ASSIGNED TASK: Please quote only the lines that start at the one with "Detalle de YuKaiChen" and go on to the last line of the data, both ends kept.

Records from a data collection:
/---
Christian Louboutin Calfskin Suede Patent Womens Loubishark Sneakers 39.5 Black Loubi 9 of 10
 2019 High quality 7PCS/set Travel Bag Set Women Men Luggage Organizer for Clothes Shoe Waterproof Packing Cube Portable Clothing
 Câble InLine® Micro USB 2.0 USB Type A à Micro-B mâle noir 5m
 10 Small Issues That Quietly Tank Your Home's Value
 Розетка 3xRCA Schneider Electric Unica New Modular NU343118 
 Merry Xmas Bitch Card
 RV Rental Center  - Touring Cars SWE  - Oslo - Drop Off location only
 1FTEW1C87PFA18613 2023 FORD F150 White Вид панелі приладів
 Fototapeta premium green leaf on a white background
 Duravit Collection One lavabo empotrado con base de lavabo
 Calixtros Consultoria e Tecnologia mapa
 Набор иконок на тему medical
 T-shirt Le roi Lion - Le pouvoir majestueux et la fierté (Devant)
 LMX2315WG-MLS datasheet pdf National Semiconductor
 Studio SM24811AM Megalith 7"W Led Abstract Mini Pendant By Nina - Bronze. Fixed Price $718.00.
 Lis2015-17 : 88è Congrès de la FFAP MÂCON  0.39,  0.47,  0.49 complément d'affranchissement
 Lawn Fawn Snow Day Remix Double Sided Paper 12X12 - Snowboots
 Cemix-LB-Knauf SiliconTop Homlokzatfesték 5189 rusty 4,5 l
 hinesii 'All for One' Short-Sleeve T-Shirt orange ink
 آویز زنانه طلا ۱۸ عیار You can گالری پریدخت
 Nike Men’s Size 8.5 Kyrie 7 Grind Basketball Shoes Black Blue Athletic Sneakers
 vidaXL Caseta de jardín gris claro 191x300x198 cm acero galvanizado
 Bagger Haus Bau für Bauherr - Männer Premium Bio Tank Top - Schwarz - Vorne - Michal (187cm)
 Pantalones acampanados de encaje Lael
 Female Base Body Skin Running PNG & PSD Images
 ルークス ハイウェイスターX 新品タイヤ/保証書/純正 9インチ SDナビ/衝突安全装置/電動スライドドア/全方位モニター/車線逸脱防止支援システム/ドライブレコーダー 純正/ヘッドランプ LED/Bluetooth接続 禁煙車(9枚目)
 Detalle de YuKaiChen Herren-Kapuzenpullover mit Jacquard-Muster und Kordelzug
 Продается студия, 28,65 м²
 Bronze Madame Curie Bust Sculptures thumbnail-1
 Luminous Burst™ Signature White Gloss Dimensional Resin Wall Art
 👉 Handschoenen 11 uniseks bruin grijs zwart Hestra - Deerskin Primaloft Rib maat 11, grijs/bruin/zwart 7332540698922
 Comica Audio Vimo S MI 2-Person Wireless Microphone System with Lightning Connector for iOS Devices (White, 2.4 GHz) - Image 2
\---
RESULT:
 Detalle de YuKaiChen Herren-Kapuzenpullover mit Jacquard-Muster und Kordelzug
 Продается студия, 28,65 м²
 Bronze Madame Curie Bust Sculptures thumbnail-1
 Luminous Burst™ Signature White Gloss Dimensional Resin Wall Art
 👉 Handschoenen 11 uniseks bruin grijs zwart Hestra - Deerskin Primaloft Rib maat 11, grijs/bruin/zwart 7332540698922
 Comica Audio Vimo S MI 2-Person Wireless Microphone System with Lightning Connector for iOS Devices (White, 2.4 GHz) - Image 2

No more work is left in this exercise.